Por supuesto, no hay que perder de vista el hecho de que la Ley determina los derechos de los pecadores y sus víctimas. De ninguna manera el juicio de la Ley se convierte en obligatorio contra la voluntad de la víctima. En este caso, el marido pierde el derecho al divorcio, dejando este derecho solo a su esposa. Ella todavía podía divorciarse de él, pero él no podía divorciarse de ella. De hecho, la multa extra de 100 siclos podía darle su oportunidad de salir, en lugar de estar confinada en un mal matrimonio para el resto de su vida. ¿Cómo podía confiar en él? Si ella sentía que su marido no estaba arrepentido y podía poner en peligro su vida, ella tenía derecho a divorciarse de él.


Discrepancias entre leyes

Parece que hay una discrepancia en el juicio de la Ley en este caso. La falsa acusación era castigada con el mismo juicio que se habría impuesto sobre la víctima inocente. Deut. 19:19 dice, entonces le haréis a él como él tenía la intención de hacerle a su hermano. Sin embargo, en el caso de un marido que acusa a su esposa de un crimen capital (adulterio), es castigado solamente mediante el pago de un doble dote como restitución, junto con un posible castigo (Dt. 22:18). Este podría ser no más de 40 azotes (Deut. 25:1-3).

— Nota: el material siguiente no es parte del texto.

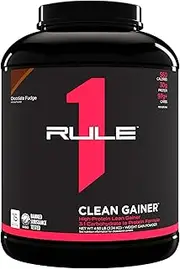 Rule1 R1 Clean Gainer Weight Gain Supplement 2.24 kg, Chocolate Fudge (15 Servings)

El principio básico de la Ley es que el juicio debe estar en directa proporción a la ofensa. Tal acusación en este caso, podría haber llegado a lapidar a su esposa. ¿Por qué el falso acusador en este caso no es ejecutado? Creo que se debe a que ejecutar al hombre podría traer nuevas dificultades a la mujer, haciendo de ella una víctima aún mayor. Una multa de 100 siclos era una suma muy grande en aquellos días, y en muchos casos el hombre no tendría forma de pagarla. Si no podía pagar esta doble restitución, la Ley decía que tenía que ser “vendido” como un esclavo por todo el tiempo que se tardara en pagar la deuda (Éxodo 22:3). Sin embargo, si se ejecutaba al marido, ¿cómo iba a pagar la multa? La Ley no prescribe la pena de muerte para aquellos que no pueden pagar sus deudas. Por otra parte, se presumía, pero no se exigía: que la esposa del acusador falso, probablemente se divorciara de tal marido.

Así que en este caso, la víctima (es decir, la esposa) podría ser víctima doblemente si su marido fuera ejecutado por la falsa acusación. Cuando dos principios del derecho parecen estar en conflicto, una solución debe prevalecer sobre la otra. En este caso la pena de muerte se dejaba de lado a favor de la restitución.

Se nos da otro ejemplo en la Escritura en la que dos principios del derecho parecen estar en conflicto. La Ley del Sábado, por ejemplo, prohíbe el trabajo en el séptimo día, pero si un buey caía en un hoyo en día de reposo, ¿no trabajaríamos para ponerlo en libertad? Jesús dijo lo mismo en Mateo 12:11 y 12, llegando a la conclusión: Así pues, es lícito hacer bien en sábado. Sobre la base de este principio, Jesús no vio nada malo en la curación de la gente en el día de reposo.

Este es uno de los puntos más finos de la Ley Bíblica. No sólo debemos conocer la Ley, sino también se debe conocer la mente de Su autor, para que sepamos cómo equilibrar estas leyes cuando parecen estar en conflicto.